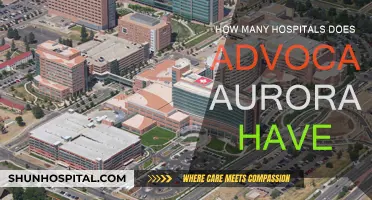 Aurora's Extensive Healthcare Network: Hospital Count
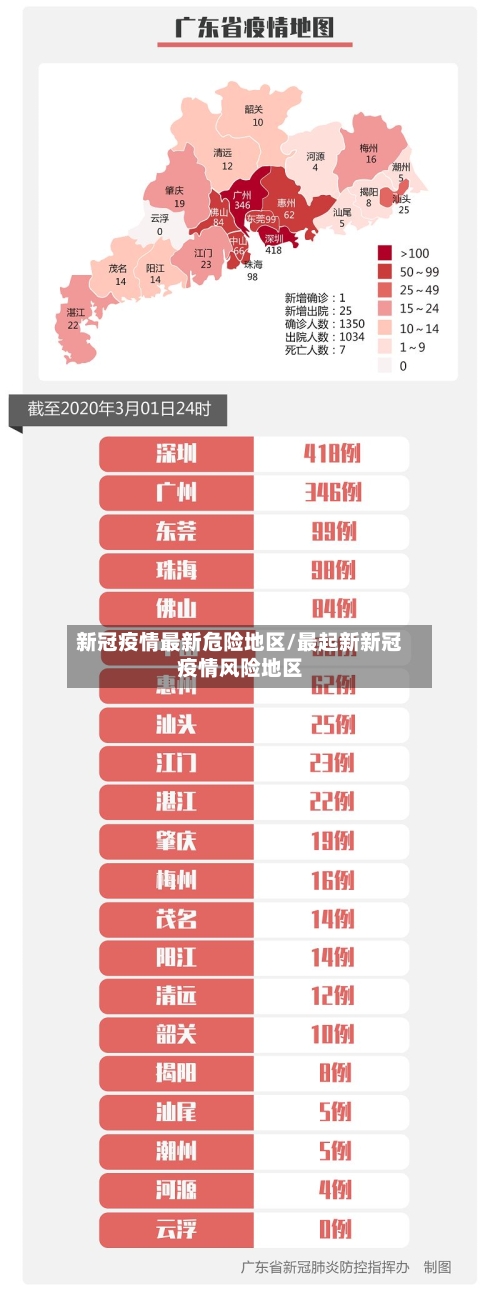 新冠疫情最新危险地区/最起新新冠疫情风险地区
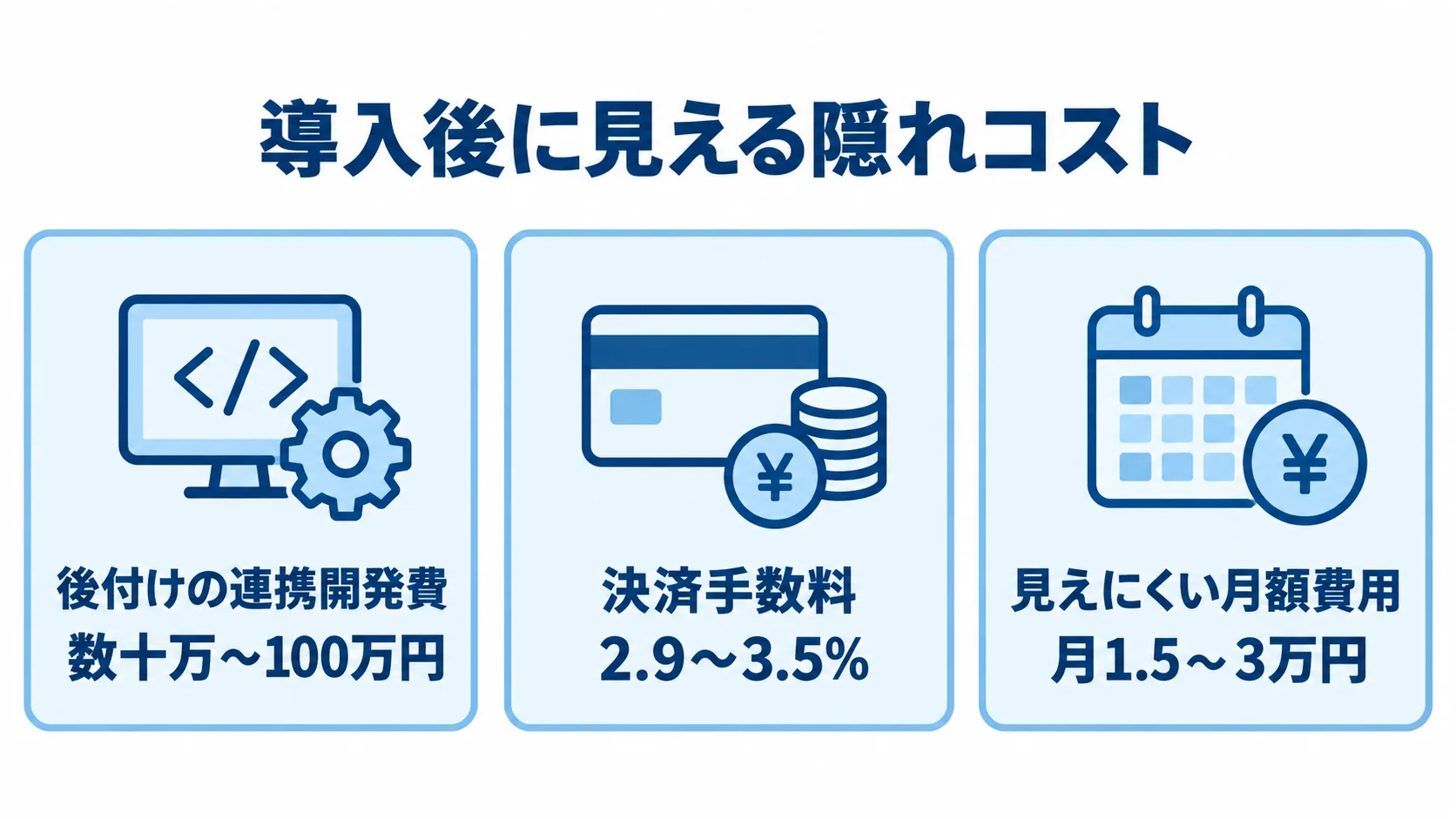 システム導入後に加わる隠れコストの例 後付けの連携開発費、決済手数料、月額費用を並べた隠れコストの図解。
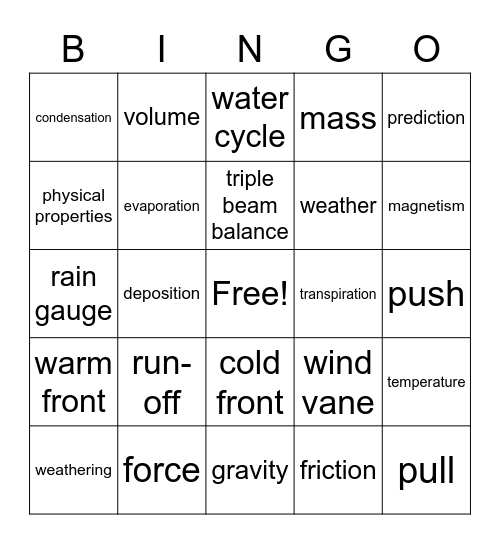 Science Vocabulary Bingo Card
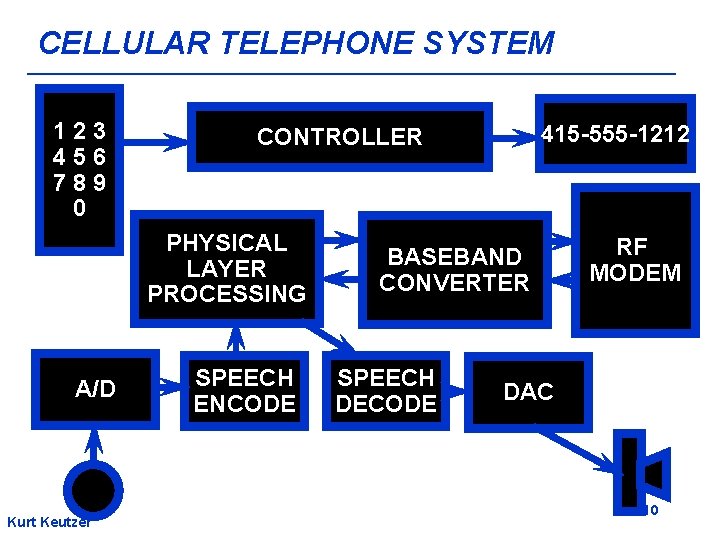 CELLULAR TELEPHONE SYSTEM 123 456 789 0 PHYSICAL LAYER PROCESSING A/D Kurt Keutzer 415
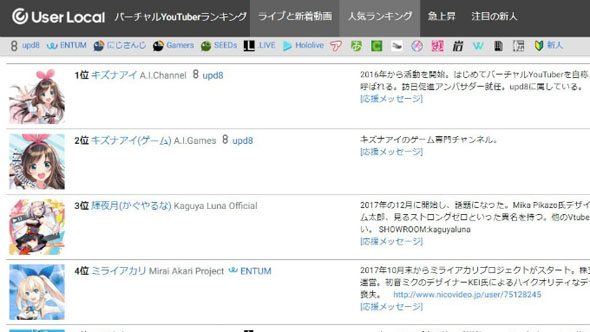 バーチャルYouTuber5000人突破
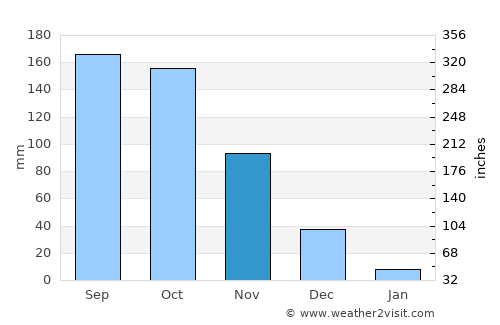 Agua Blanca average rain in November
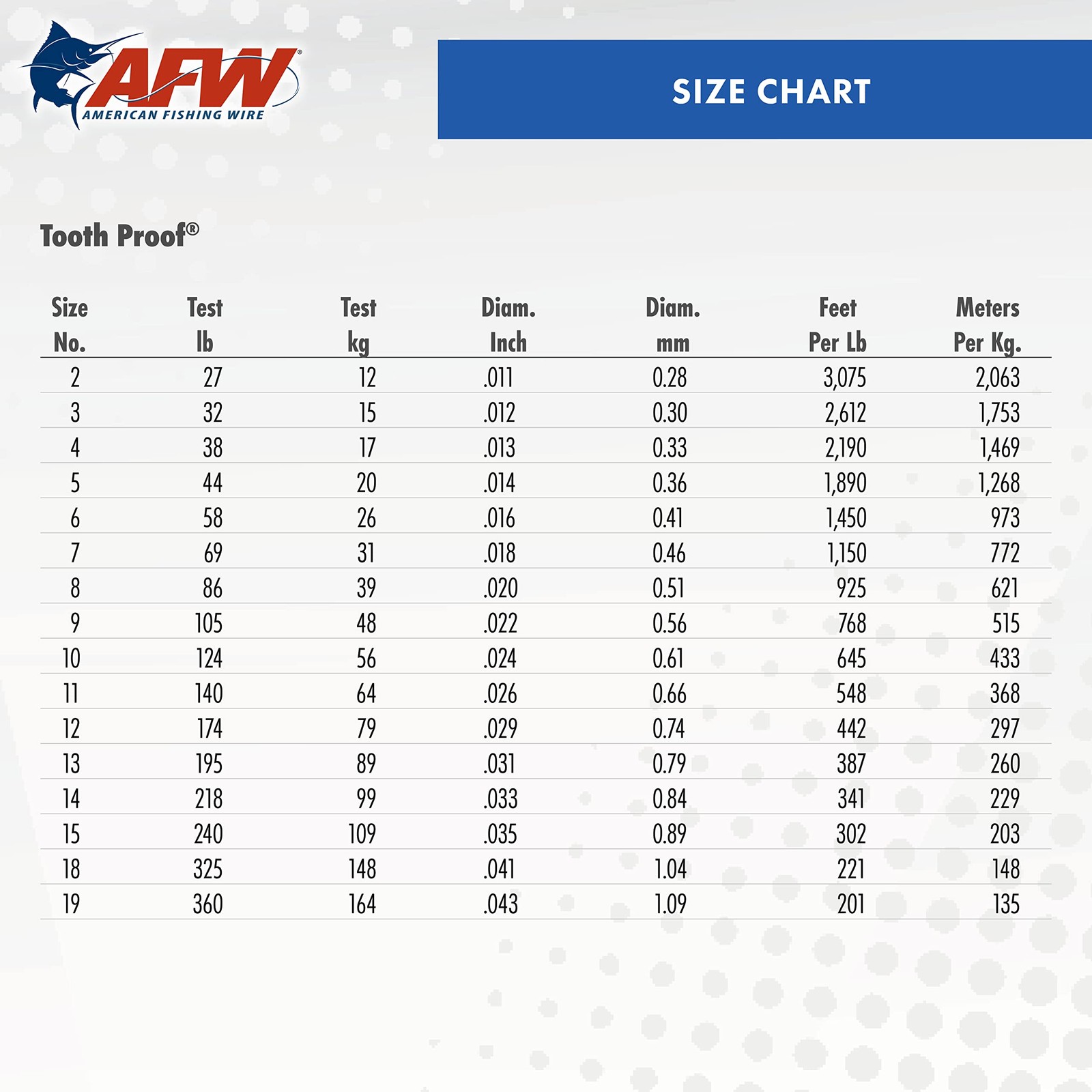 American Fishing Wire Tooth Proof Stainless Steel Single Strand Leader , Size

::::

Quote exactly, and only, the lines from the line containing "新冠疫情最新危险地区/最起新新冠疫情风险地区" through the final line of the records above, both included, omitting any pictures.

 新冠疫情最新危险地区/最起新新冠疫情风险地区
 システム導入後に加わる隠れコストの例 後付けの連携開発費、決済手数料、月額費用を並べた隠れコストの図解。
 Science Vocabulary Bingo Card
 CELLULAR TELEPHONE SYSTEM 123 456 789 0 PHYSICAL LAYER PROCESSING A/D Kurt Keutzer 415
 バーチャルYouTuber5000人突破
 Agua Blanca average rain in November
 American Fishing Wire Tooth Proof Stainless Steel Single Strand Leader , Size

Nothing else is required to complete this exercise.